Conheça o ‘Senhor Gentileza’ que mudou a rotina de uma favela
PATRÍCIA BRITTO, EM VITÓRIA
Quem sobe o Morro dos Alagoanos, em Vitória, não demora para ouvir falar de um homem que fez os capixabas lembrarem da favela por outro motivo, que não seja o tráfico de drogas.
Lá no alto da comunidade, em uma casa amarela com duas janelas e três vasos na calçada, mora o Raimundo de Oliveira, de 67 anos, autodenominado “agitador cultural”.
Nascido em uma família simples do morro, Raimundo se dedica desde jovem à missão de divulgar a arte e a cultura na favela.
É ele quem produz uma das tradicionais festas da cidade, o Femusquim (Festival de Música de Botequim), que todos os anos leva para o morro shows de samba, bossa-nova e MPB, de artistas locais e nacionais.
Quando foi criado, em 1997, o Femusquim tinha apenas uma caixa de som no meio da rua. O festival cresceu e hoje em dia leva para o morro, nos dois dias de festa, um público de cerca de 3.000 pessoas.
Entusiasta do morro, Raimundo conta que criou o festival para levar uma atração cultural para a comunidade e reduzir o preconceito contra os moradores da favela.
“Antes as pessoas não vinham para cá porque havia, e ainda há, um preconceito. Acham que o morro é violento. Mas com essas ações, como o Femusquim, nós estamos quebrando essa barreira. As pessoas estão vindo e vendo que o morro não é como se vende”, disse Raimundo durante a visita.
Ocupado por imigrantes nordestinos na década de 1920, o morro na região oeste de Vitória se tornou um dos pontos de tráfico de drogas na capital espírito-santense e é pouco frequentado por moradores de outras regiões. Mas, desde que o festival entrou para o calendário cultural da cidade, as ruas do morro ficam cheias de visita nos dias de festa.
Neste ano, em sua 18ª edição, o Femusquim fará uma homenagem ao cantor e compositor baiano Dorival Caymmi (1914-2008), nos dias 6 e 7 de novembro. A festa é gratuita, e os artistas são remunerados por meio de lei de incentivo à cultura.
GENTILEZA
Na vizinhança do Morro dos Alagoanos, Raimundo também é conhecido como Senhor Gentileza e lembrado pelas ações que cria para tornar a comunidade um lugar acolhedor.
Uma dessas criações é a chamada “escadaria da gentileza”: “Um dia eu estava nessa escadaria e percebi que ninguém me cumprimentava. Aí me deu um estalo. Limpei, pintei e escrevi: sorria, dê bom dia, dê boa tarde, dê boa noite. Gentileza gera gentileza. E o pessoal gostou”, contou ao blog.

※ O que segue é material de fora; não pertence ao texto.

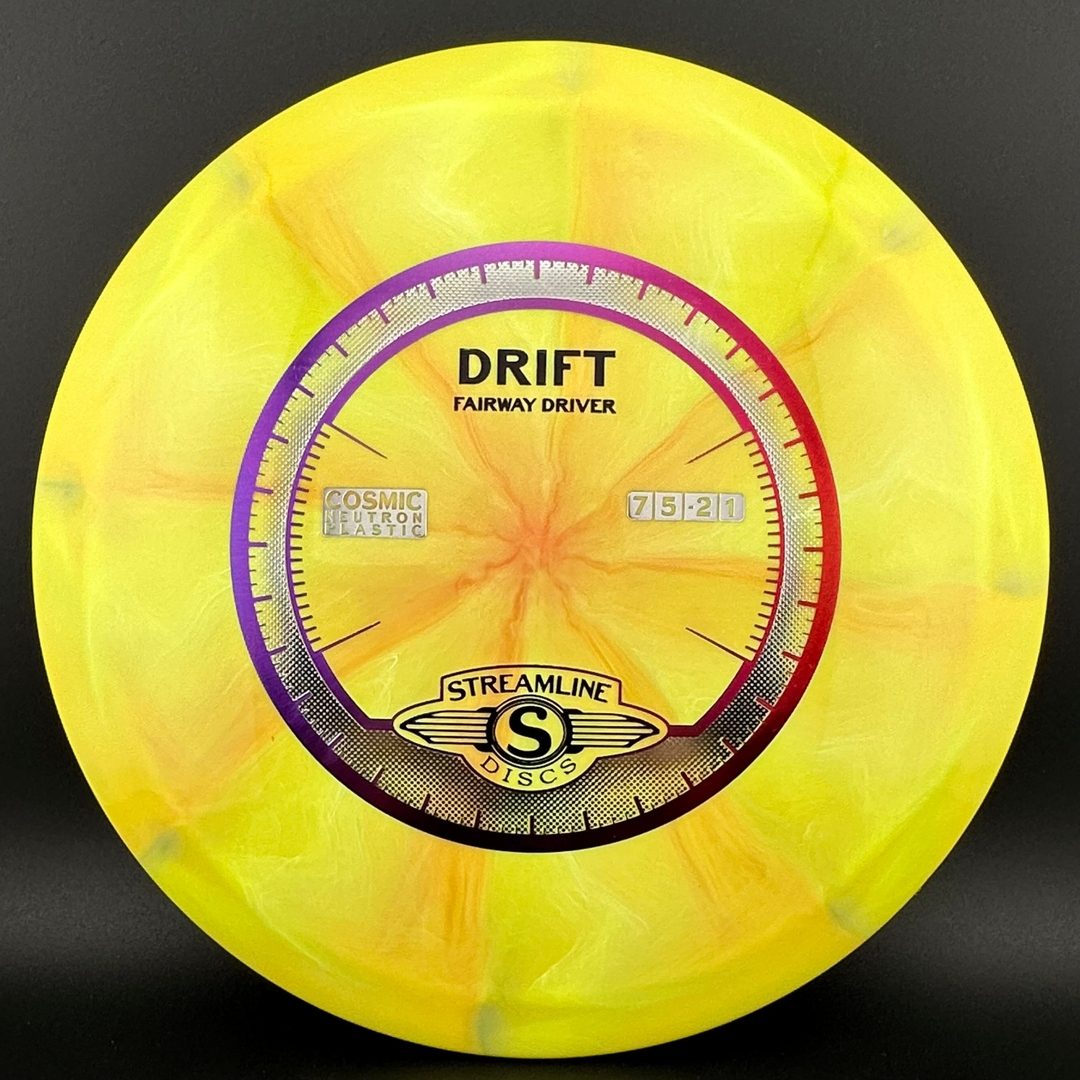 Cosmic Neutron Drift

Ao que parece, a estratégica funcionou.
Nas quase duas horas de visita do blog, em uma noite de quarta-feira, mais de 20 pessoas cumprimentaram Raimundo nas ruas do morro –entre elas, três motoristas de ônibus, a moça que vende cachorro quente na calçada, o barbeiro, e uma dona de casa sorridente na janela.
“A gentileza causa tanto bem, que muitos males ela evita, como o estresse, o infarto e o cansaço mental”, defendeu Raimundo, em tom professoral, enquanto apresentava o morro ao blog.
Outras de suas criações para alegrar a comunidade foram a “escadaria da fama”, pintada com nomes de artistas espírito-santenses, e o pequeno “jardim as rosas não falam”, de dois metros quadrados, transformado a partir de um antigo depósito de lixo.
Ele também já plantou árvores nas ladeiras do morro, montou um coral infantil, pintou muros e abriu uma biblioteca. Na maioria dos casos, as criações são custeadas com dinheiro do próprio bolso, por desesperança em esperar iniciativa do poder público.
“A cultura é vista como sobremesa: é a última coisa. Você vê a verba da segurança, da saúde, da educação… Cultura é o que sobra”, lamentou.